Como parte desse movimento o empreendedorismo ocupou lugar de destaque no Documento de Referencia Curricular de Mato Grosso (DRC-MT) para o Ensino Médio, uma regulamentação da Base Nacional Comum Curricular para o Ensino Médio, sobretudo nas Eletivas e Trilhas de Aprofundamento. A DRC foi elaborada com participação dos sujeitos escolares via consulta pública e algumas audiências públicas realizadas no espaço escolar; contou com assessoria e “leitura crítica” do Movimento pela Base e de consultores externos, indicados pelo Instituto Reúna, organização social, constituída por ex-secretários de educação.
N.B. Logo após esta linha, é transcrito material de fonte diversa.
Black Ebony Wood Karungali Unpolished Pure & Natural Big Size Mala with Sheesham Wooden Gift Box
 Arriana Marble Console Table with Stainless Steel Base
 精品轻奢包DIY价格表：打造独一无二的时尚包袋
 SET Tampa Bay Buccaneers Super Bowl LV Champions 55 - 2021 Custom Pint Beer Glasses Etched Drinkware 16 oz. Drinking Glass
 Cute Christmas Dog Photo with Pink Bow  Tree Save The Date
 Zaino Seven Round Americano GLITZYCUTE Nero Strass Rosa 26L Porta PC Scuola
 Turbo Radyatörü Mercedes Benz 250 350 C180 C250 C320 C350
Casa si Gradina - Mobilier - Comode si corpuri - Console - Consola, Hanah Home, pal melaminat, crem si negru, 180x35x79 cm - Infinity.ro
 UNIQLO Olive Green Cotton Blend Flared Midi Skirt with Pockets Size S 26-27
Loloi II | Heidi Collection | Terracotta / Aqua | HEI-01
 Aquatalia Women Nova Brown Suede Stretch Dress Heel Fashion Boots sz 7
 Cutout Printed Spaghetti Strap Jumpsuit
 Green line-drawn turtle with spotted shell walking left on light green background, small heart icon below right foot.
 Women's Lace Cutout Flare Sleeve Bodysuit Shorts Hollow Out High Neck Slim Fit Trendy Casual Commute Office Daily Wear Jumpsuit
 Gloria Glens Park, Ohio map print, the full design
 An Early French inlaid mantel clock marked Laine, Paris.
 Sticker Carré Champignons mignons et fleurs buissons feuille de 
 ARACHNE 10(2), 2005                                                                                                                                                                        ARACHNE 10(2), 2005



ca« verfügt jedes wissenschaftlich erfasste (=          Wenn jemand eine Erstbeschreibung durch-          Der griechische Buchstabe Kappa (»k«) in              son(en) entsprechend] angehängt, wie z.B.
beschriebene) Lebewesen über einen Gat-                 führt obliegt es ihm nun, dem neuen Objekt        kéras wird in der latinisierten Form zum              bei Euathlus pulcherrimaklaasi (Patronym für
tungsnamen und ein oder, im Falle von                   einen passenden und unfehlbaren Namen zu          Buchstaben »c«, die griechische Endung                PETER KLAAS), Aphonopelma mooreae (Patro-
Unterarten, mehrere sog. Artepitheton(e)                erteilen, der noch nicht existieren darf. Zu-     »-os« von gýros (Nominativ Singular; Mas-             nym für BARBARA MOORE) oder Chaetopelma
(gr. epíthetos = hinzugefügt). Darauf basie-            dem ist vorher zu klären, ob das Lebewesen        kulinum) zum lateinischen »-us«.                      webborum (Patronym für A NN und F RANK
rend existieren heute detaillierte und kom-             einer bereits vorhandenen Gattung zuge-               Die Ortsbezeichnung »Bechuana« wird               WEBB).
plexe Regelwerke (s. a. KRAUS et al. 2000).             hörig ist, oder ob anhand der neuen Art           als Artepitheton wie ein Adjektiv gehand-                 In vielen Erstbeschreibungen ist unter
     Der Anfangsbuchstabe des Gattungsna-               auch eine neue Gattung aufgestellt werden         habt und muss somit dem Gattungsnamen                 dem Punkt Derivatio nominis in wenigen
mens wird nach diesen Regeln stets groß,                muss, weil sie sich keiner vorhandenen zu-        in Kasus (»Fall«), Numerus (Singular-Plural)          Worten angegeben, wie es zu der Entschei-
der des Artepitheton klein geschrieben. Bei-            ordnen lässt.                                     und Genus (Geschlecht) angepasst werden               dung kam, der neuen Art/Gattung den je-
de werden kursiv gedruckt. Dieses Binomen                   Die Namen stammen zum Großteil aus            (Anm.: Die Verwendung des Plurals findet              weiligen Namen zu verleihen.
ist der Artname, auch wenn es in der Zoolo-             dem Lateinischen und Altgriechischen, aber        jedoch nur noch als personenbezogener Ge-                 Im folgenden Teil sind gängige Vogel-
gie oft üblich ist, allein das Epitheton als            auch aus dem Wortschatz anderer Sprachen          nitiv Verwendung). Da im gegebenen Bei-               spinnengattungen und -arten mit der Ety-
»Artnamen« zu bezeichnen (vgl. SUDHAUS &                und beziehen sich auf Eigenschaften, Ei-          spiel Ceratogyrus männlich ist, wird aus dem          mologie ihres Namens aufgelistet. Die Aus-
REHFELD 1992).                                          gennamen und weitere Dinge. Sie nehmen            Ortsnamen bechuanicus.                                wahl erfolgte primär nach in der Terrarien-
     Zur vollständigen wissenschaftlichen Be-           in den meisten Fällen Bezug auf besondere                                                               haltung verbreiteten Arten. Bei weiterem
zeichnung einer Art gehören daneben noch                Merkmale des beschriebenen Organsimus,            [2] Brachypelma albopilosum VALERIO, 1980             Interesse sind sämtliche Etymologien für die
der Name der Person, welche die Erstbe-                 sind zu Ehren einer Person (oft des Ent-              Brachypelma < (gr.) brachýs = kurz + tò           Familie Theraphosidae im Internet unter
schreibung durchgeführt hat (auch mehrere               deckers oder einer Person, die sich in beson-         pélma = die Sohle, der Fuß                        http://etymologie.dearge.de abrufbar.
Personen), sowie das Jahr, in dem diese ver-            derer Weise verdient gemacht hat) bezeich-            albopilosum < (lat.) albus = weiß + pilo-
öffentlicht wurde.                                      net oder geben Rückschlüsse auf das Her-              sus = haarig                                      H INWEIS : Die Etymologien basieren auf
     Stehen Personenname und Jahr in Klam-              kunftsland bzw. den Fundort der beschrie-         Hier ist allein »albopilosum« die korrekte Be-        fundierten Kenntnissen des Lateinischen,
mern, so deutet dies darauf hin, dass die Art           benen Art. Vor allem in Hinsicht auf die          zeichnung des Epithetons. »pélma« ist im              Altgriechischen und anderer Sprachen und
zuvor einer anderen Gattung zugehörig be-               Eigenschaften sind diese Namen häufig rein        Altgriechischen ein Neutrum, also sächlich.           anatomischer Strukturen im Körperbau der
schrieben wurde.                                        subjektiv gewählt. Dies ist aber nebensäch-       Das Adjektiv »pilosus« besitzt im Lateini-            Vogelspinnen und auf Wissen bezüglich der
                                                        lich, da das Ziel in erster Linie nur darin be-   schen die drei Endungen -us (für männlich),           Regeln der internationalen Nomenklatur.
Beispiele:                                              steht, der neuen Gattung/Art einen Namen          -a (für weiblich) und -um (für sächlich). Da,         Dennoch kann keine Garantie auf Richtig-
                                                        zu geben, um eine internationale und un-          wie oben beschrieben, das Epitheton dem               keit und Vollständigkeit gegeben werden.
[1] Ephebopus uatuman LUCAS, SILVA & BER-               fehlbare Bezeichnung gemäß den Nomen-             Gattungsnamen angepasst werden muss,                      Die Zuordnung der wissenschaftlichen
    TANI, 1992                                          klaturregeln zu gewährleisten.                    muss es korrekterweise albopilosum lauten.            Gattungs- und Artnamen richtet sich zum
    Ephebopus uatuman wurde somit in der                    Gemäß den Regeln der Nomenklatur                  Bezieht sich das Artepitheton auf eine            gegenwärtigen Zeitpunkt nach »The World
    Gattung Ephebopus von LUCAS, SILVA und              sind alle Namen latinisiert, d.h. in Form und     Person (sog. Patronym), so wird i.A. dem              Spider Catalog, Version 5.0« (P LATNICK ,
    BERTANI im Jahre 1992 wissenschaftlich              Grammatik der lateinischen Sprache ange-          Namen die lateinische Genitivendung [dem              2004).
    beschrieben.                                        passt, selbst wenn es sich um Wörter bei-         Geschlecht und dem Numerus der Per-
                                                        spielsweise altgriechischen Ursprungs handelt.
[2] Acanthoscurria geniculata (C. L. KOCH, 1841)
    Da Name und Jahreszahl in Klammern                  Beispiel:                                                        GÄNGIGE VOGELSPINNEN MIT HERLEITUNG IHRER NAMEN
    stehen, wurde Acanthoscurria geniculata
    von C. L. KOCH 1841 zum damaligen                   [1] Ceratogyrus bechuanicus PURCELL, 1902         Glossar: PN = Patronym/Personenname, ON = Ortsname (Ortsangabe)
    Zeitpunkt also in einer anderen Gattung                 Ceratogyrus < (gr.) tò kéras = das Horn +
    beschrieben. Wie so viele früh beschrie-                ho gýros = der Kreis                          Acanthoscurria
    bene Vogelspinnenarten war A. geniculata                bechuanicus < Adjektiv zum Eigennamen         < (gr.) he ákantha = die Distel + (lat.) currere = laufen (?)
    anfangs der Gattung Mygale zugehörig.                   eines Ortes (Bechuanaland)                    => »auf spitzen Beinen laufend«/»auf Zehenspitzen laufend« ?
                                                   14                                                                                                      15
O empreendedorismo é apresentado na DRC tanto na Formação Técnica e Profissional quanto nos Itinerários Formativos formados por Componentes Curriculares Eletivas, Projeto de Vida e Trilhas de Aprofundamento. Na DRC os Itinerários Formativos:

[...] são compreendidos como o conjunto de unidades curriculares que ampliam a possibilidade do protagonismo juvenil no Ensino Médio, pois o estudante poderá ter opções de escolha para aprofundar seus conhecimentos e se preparar para o mundo do trabalho, de forma a contribuir para a construção de soluções de problemas específicos da sociedade. (MATO GROSSO, 2020, p. 406).

Dentre os quatro eixos estruturantes dos Itinerários Formativos, encontra-se o Empreendedorismo. A ênfase desse eixo é “expandir a capacidade dos estudantes de mobilizar conhecimentos de diferentes áreas para empreender projetos pessoais ou produtivos articulados ao seu projeto de vida” (BRASIL, 2018). A DRC assinala que as Competências Gerais seis (06) e dez (10) se articulam ao Empreendedorismo. Nesta última Competência espera-se que o estudante “deve ser capaz de agir pessoal e coletivamente com autonomia, responsabilidade, flexibilidade, resiliência e determinação para tomar decisões com base em princípios éticos, democráticos, inclusivos, sustentáveis e solidários (MATO GROSSO, 2020, p. 411).

A concepção de sociedade na qual o empreendedorismo encontra lugar e descrita no DRC é marcada “pela incerteza, volatilidade e mudança permanente”. Aponta que o estudante deve “se adaptar a diferentes contextos para que seja capaz de criar novas oportunidades para si e para os demais”. Assim, o documento (MATO GROSSO, 2020) apresenta “uma possibilidade de sequência e/ou atividades educativas a serem desenvolvidas para o trabalho pedagógico com unidades curriculares desse eixo estruturante”:

  1. Identificação de potenciais, desafios, interesses e aspirações pessoais;

  2. Análise do contexto externo, inclusive em relação ao mundo do trabalho;

  3. Elaboração de um projeto pessoal ou produtivo;

  4. Realização de ações-piloto para testagem e aprimoramento do projeto elaborado;

  5. Desenvolvimento ou aprimoramento do projeto de vida dos estudantes. (MATO GROSSO, 2020, p. 411);

Como o eixo Empreendedorismo deve estar articulado ao projeto de vida significa que será ofertado como componente curricular nos três anos do ensino médio, como bloco comum a todos os estudantes. No DRC o projeto de vida tem por objetivo principal:

[...] desenvolver a capacidade do estudante de significar a sua existência, permitindo que tomadas de decisões façam sentido e sejam imbuídas de planejamento. Assim, o estudante compreenderá que a forma como conduzirá sua vida é passível de escolhas, necessitando da capacidade de planejar o futuro e agir no presente com autonomia e responsabilidade. (MATO GROSSO, 2020, p. 407).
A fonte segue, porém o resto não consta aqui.